И вот теперь они сами оказались в плену, но их здесь не бьют и не унижают. И нет на лицах обступивших их солдат ненависти. Может быть, просто потому, что австралийцы чувствуют свое превосходство? Вон они какие сытые, здоровые, а пленники… Есимура вспомнил о страшной жизни в джунглях, и слезы невольно навернулись у него на глаза.

Они казались огромными, эти мужчины, с мощными торсами, заросшими курчавыми волосами, с жирными складками на животах. Шорты их, мокрые от пота, едва не лопались на ягодицах. От их тел исходил тошнотворный, животный запах пота. Они открыто жгли костры средь бела дня. Казалось, эти загорелые, крепкие парни и не воевали вовсе, а просто отправились в джунгли поохотиться.

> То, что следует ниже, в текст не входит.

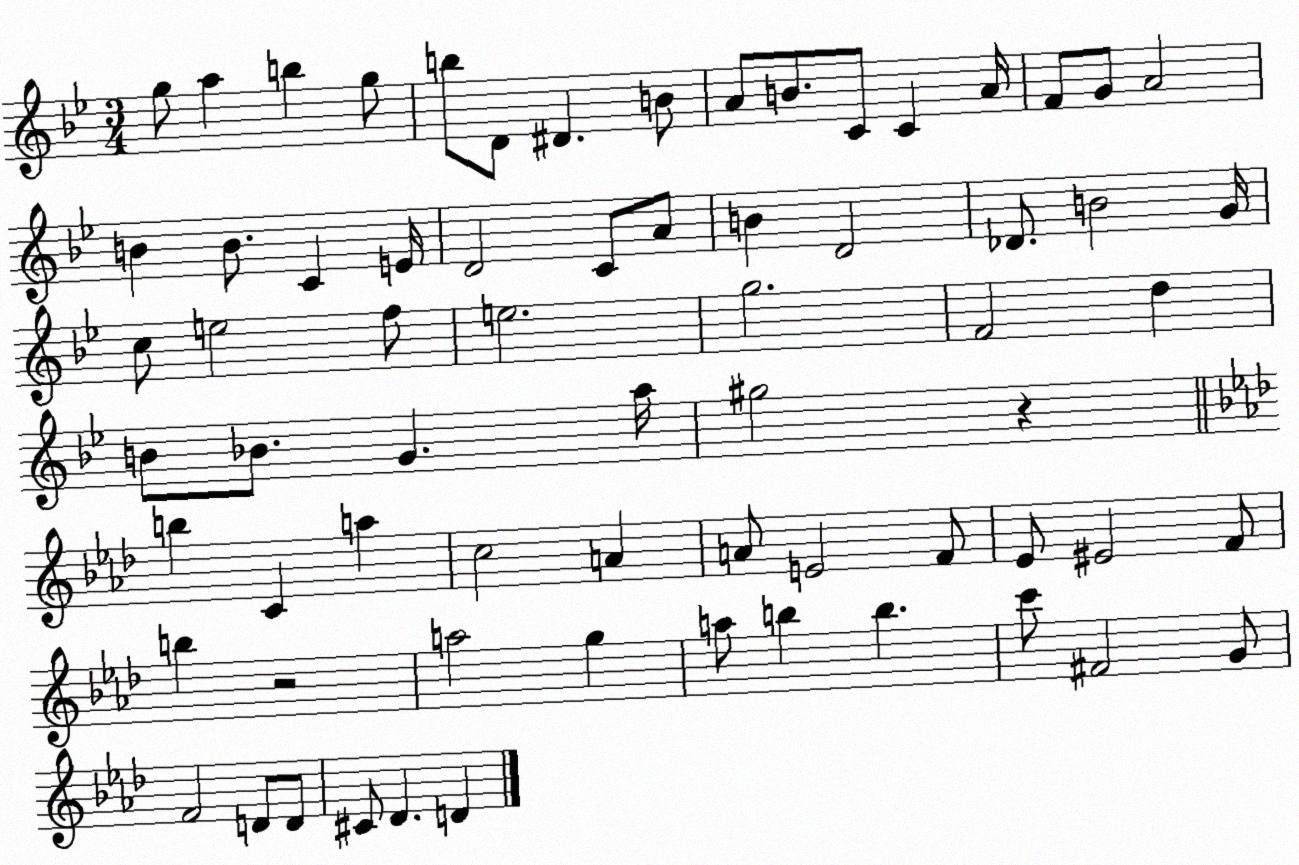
X:1
T:Untitled
M:3/4
L:1/4
K:Bb
g/2 a b g/2 b/2 D/2 ^D B/2 A/2 B/2 C/2 C A/4 F/2 G/2 A2 B B/2 C E/4 D2 C/2 A/2 B D2 _D/2 B2 G/4 c/2 e2 f/2 e2 g2 F2 d B/2 _B/2 G a/4 ^g2 z b C a c2 A A/2 E2 F/2 _E/2 ^E2 F/2 b z2 a2 g a/2 b b c'/2 ^F2 G/2 F2 D/2 D/2 ^C/2 _D D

Откуда- то донесся поющий женский голос. Наверное, радио или пластинка… Голос был веселый и слащавый. Есимуре невольно вспомнился один вечер. Месяц назад он и четверо солдат ходили «на прорыв».

Передовые позиции противника находились тогда значительно дальше, чем сейчас. Видимо, это была другая часть, а впрочем, может быть, и эта самая. Они неслышно подошли в темноте и молча разглядывали позицию противника в щель между бревнами изгороди. В палатках горел свет, и так же, как и сейчас, разносился запах кофе, свежего хлеба, и пел сладкий женский голос, но звучал он еще громче - была ночь. «Поесть бы досыта хлеба и умереть», - подумал тогда Есимура, борясь с желанием войти за ограждение.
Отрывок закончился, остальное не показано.